NOTE: If the names didn’t match, the maps
package offers a handy rescue: the state.fips
dataset gives the US Census Bureau numeric identification for the states (as well as region, etc.). Similarly, if you’re plotting county-level data, there’s the county.fips
dataset with the US Census Bureau FIPS identification numbers for counties.

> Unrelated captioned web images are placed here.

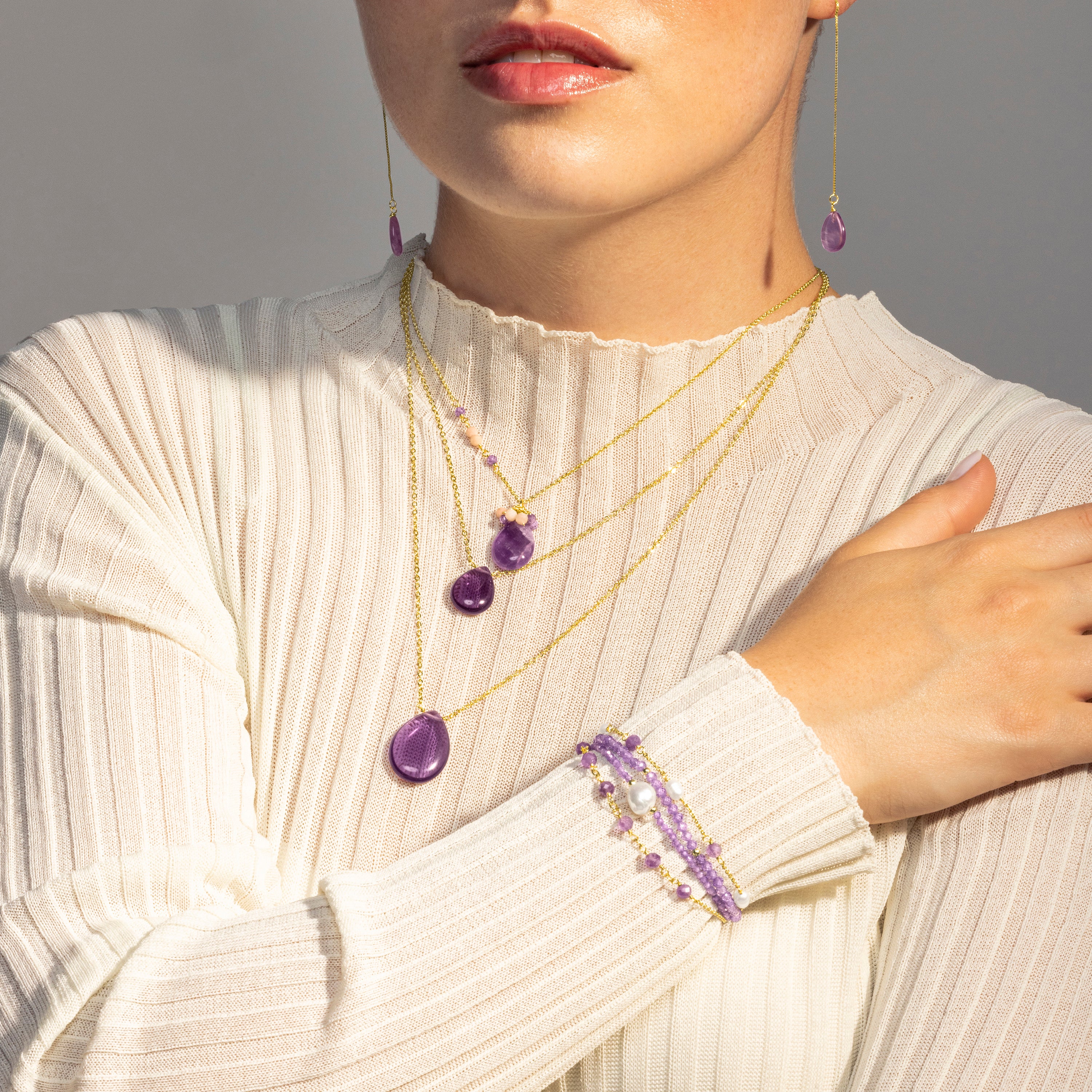 Bracelet en zircon améthyste fini en or jaune 18K - Athat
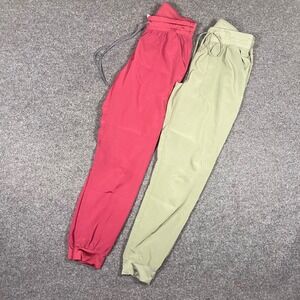 Maevn Scrub Joggers Bundle Womens Small Burgundy Sage Green Elastic Waist 2 Pack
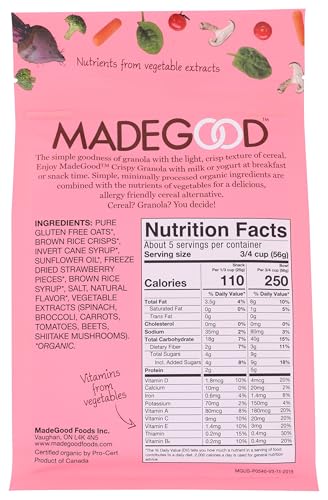 Made Good Crispy Light Granola, Strawberry, 10 Ounce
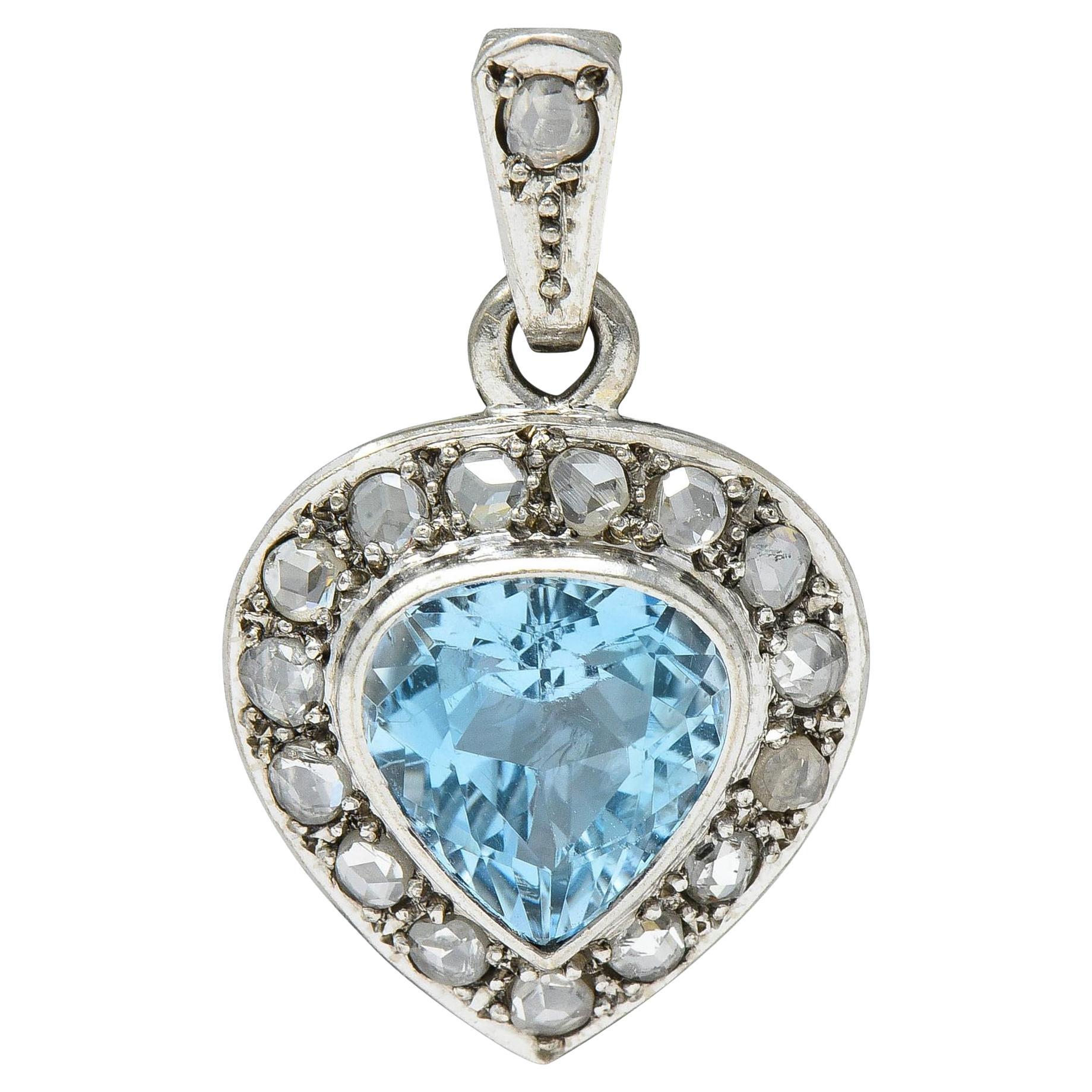 Art Deco 3.07 CTW Aquamarine Diamond 14 Karat White Gold Vintage Heart Pendant For Sale
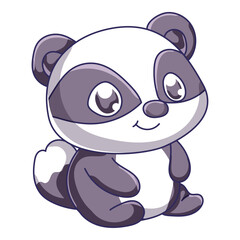Cute Panda Cartoon Kawaii Sticker. Character Vector Illustration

Let’s make maps of following variable:
Apovrate
: Percentage of state population in povertyApopdens
: Population density (Apop/Aland)cpbeerc
: State average beer prices, in constant 2008 dollarscspirwet
: Percentage of state population living in counties that are wet for distilled spiritsBopen
: Open carry of loaded handgun (permitted without permit=2, permitted with permit=1, not generally permitted=0)Add the variables to the map data:
StatesMapData <- full_join(
map_data("state"),
state_policy %>%
select(State1, Year,
Apovrate, Apopdens,
cpbeerc, cspirwet,
Bopen),
by = c("region" = "State1")
)
StatesMapData %>%
filter(Year >= 1980) %>%
filter(Year %% 5 == 0) %>%
drop_na(Year) %>%
ggplot() +
geom_polygon(aes(x = long, y = lat, group = group, fill = Apovrate)) +
coord_fixed(1.3) +
theme_void() +
labs(fill = "Poverty\nrate") +
scale_fill_gradient(low = "dark blue", high = "red") +
facet_wrap(~Year, ncol = 2) +
theme(legend.position = "bottom", legend.direction = "horizontal")
ggplot() +
geom_polygon(data = StatesMapData %>% filter(Year == 2015),
aes(x = long, y = lat, group = group, fill = Apopdens),
color = "light gray") +
coord_fixed(1.3) +
theme_void() +
labs(fill = "Population\ndensity") +
scale_fill_continuous(trans = "log", labels = scales::comma)
ggplot() +
geom_polygon(data = StatesMapData %>% filter(Year == 2003),
aes(x = long, y = lat, group = group, fill = cpbeerc),
color = "gray") +
coord_fixed(1.3) +
theme_void() +
labs(fill = "Beer\nprices") +
scale_fill_gradient(low = "dark blue", high = "red")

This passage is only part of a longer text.